More information about how to apply at the bottom of the page!

How to apply for PROMIS courses

Visit antagning.se / universityadmission.se and perform the following steps:

  1. Create a user account
  2. Search for the PROMIS courses by the name of the course or use the link in the course description on this site.
  3. Fill out and send in your application.
  4. Upload your required documents (including your Employer’s certificate for eligibility).
  5. Check your e-mail for any messages regarding your application. If you for example need to make up missing requirements you will receive an e-mail and you must check your application on antagning.se
  6. Reply to any offers of admission.

How to apply without having the academics merits needed to meet the entry requirements?

Even if you don’t have the formal academics merits needed for a specific PROMIS course, your background may make it possible for you to be qualified for the course through validation.

Validation is “a process of a structured assessment, valuing, documentation and recognition of knowledge and competences that an individual has gained, irrespective of how they have been acquired”. (Government definition DS 2003:23)

This means an assessment of an individual’s knowledge and competence, regardless how, where or when they were acquired – in the formal education system or in some other way in Sweden or abroad, just recently or a long time ago.
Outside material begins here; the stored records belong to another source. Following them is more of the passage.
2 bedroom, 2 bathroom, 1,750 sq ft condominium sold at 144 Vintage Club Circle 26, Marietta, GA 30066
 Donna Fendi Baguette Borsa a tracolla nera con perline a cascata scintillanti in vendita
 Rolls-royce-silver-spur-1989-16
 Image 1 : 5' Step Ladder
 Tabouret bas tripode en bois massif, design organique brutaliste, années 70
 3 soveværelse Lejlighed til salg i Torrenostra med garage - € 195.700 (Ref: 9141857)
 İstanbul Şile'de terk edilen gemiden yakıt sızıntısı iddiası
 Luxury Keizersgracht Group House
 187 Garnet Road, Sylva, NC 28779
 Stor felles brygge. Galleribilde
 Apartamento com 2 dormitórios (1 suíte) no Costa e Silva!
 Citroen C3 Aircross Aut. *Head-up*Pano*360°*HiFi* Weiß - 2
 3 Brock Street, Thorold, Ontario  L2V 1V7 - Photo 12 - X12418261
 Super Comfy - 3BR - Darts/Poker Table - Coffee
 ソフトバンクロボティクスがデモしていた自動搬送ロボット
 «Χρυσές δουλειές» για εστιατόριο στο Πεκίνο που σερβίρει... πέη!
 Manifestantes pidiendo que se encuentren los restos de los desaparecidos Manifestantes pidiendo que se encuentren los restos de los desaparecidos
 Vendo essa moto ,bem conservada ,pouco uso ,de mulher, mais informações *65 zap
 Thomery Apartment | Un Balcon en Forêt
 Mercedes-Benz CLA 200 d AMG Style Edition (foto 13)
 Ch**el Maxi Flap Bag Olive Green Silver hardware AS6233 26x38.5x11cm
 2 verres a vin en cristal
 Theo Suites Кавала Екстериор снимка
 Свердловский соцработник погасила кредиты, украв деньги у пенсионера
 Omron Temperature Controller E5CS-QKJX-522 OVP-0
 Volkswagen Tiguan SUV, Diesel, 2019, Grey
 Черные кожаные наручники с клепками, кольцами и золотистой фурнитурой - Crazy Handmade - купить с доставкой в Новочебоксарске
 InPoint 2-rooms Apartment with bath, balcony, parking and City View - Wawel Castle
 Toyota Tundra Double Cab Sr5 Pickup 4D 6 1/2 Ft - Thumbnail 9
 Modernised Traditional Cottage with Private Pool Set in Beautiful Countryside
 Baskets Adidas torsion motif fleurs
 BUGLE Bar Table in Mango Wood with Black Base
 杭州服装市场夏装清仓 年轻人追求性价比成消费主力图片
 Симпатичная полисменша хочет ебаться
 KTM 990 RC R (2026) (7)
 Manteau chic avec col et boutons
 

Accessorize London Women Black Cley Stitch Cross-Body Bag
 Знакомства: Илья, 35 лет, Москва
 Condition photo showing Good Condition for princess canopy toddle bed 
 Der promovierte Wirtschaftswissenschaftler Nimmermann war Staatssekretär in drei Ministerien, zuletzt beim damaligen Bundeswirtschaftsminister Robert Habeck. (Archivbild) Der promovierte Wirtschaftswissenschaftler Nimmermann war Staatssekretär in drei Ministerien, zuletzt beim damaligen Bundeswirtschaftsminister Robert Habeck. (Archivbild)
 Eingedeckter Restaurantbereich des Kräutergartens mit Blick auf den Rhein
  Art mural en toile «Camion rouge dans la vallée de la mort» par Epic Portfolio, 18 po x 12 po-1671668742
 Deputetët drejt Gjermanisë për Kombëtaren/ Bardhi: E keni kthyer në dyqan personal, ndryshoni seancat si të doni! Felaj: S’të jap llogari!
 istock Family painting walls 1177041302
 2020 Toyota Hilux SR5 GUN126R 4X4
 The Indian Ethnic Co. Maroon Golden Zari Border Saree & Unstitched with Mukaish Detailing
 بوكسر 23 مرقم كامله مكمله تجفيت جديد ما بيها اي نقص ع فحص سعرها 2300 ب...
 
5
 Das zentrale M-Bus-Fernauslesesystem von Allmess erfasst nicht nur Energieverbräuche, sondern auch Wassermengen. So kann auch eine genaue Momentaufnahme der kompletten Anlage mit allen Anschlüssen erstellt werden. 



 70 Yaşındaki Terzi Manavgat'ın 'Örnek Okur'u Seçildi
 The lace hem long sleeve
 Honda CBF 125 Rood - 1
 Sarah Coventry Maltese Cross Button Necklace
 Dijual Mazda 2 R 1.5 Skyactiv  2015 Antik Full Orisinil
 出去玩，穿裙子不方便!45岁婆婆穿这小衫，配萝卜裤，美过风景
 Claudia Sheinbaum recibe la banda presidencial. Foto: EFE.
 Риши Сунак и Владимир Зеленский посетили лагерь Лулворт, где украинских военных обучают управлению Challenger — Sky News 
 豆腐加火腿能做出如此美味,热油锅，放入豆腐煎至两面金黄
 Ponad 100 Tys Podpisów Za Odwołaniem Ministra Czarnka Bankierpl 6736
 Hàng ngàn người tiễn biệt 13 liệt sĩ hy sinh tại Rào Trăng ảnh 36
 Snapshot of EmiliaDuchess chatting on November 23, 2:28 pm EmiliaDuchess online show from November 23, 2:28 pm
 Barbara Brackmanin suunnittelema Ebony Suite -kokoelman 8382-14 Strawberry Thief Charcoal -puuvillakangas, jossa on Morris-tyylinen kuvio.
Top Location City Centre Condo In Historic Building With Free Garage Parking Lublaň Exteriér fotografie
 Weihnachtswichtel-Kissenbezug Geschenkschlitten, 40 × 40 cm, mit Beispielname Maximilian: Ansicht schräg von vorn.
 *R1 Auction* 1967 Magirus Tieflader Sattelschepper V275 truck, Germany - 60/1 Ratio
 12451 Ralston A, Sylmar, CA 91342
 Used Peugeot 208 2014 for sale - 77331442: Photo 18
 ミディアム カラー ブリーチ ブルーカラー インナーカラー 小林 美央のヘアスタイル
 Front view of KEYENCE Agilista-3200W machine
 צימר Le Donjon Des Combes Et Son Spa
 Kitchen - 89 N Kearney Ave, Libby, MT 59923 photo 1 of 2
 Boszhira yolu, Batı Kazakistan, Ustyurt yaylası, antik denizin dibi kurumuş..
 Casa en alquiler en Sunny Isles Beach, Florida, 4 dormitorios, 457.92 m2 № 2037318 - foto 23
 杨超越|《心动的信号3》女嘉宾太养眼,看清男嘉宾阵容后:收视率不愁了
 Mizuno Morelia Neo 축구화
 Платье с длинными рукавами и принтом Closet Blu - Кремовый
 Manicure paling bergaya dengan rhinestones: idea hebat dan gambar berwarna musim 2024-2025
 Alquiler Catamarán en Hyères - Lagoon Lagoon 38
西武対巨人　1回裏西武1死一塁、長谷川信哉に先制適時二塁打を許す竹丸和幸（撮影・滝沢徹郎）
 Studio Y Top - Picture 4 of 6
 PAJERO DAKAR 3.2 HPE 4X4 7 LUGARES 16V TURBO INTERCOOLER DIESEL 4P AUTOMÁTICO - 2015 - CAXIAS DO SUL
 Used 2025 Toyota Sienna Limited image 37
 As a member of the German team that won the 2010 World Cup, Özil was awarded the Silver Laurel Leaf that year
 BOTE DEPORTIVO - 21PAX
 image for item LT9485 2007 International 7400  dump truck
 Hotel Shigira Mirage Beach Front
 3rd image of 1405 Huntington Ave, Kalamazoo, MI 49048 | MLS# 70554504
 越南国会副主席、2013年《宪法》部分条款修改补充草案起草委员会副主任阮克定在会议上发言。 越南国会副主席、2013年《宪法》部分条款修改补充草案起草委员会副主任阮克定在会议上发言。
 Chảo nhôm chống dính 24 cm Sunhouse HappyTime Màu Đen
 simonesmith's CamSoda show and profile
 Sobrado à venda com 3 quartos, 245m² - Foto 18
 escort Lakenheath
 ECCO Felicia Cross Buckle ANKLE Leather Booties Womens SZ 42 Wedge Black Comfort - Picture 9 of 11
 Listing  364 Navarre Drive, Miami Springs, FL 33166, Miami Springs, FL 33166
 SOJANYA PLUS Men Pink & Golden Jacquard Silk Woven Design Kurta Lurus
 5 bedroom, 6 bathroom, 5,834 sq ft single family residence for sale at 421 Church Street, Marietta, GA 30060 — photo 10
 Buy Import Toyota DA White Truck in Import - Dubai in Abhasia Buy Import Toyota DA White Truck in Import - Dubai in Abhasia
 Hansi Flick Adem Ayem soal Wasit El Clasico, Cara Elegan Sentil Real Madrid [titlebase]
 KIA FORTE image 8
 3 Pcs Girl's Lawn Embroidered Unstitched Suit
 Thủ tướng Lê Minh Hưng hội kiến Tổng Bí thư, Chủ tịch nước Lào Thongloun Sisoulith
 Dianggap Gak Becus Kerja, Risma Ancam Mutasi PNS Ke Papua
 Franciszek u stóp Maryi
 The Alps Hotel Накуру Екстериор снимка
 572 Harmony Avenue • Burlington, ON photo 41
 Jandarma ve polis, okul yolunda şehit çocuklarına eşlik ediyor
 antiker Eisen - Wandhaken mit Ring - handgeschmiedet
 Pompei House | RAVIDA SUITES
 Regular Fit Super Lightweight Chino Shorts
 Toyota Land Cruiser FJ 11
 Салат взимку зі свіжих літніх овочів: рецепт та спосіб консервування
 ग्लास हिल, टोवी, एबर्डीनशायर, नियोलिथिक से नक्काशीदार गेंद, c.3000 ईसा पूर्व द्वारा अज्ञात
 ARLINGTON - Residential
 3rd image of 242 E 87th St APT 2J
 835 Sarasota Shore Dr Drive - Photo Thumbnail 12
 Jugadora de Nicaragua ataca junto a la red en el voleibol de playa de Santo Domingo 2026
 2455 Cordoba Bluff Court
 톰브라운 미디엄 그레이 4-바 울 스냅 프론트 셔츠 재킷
If you think your knowledge and competences will qualify you for a PROMPT course, you must fill in the form “Blankett för bedömning av reell kompetens och undantag” see https://www.antagning.se/globalassets/broschyrer-och-cases/uhr-reko-blankett_2019.pdf

For the corresponding form in English, visit http://www.promptedu.se/promptwp/wp-content/uploads/2015/11/reell_kompetens_blankett_en-GB.pdf and upload your CV, with description of your professional background. Your CV must describe your knowledge and competences in relation to the entry requirements. If we need more information from you, we will contact you.

For more information, please contact Anna Eriksson, aes@bth.se

I want to apply to a PROMPT course, but the deadline at antagning.se has passed?When the last day to apply has passed, it is still possible to submit a late application to courses, but please note that this only applies for courses that are open for a late application.

Once I get accepted for a course within PROMIS, what do I need to do next?You will receive a letter of admission with information regarding how to participate in a PROMIS course. It is important that you follow the instructions given in the letter of admission.What is a ‘Credit’ (‘hp’)?Credits (‘Högskolepoäng’ in Swedish) are a way to measure the length and scope of academic studies. 1.5 credits correspond to one week of full-time studies (40 hours).

A course of 7.5 credits corresponds to 200 hours of studies. PROMPT courses are normally run at a pace of 25%, which means that a course of 7.5 credits or 200 hours is run over a full semester.